> **Data provided**:

====

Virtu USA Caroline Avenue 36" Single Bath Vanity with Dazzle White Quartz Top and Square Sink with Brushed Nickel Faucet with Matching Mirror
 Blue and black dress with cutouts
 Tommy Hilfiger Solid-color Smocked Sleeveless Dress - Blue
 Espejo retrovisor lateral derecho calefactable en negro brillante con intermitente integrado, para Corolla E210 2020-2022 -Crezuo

====

The word "with" appears in some of the lines above. Copy those lines.

Virtu USA Caroline Avenue 36" Single Bath Vanity with Dazzle White Quartz Top and Square Sink with Brushed Nickel Faucet with Matching Mirror
 Blue and black dress with cutouts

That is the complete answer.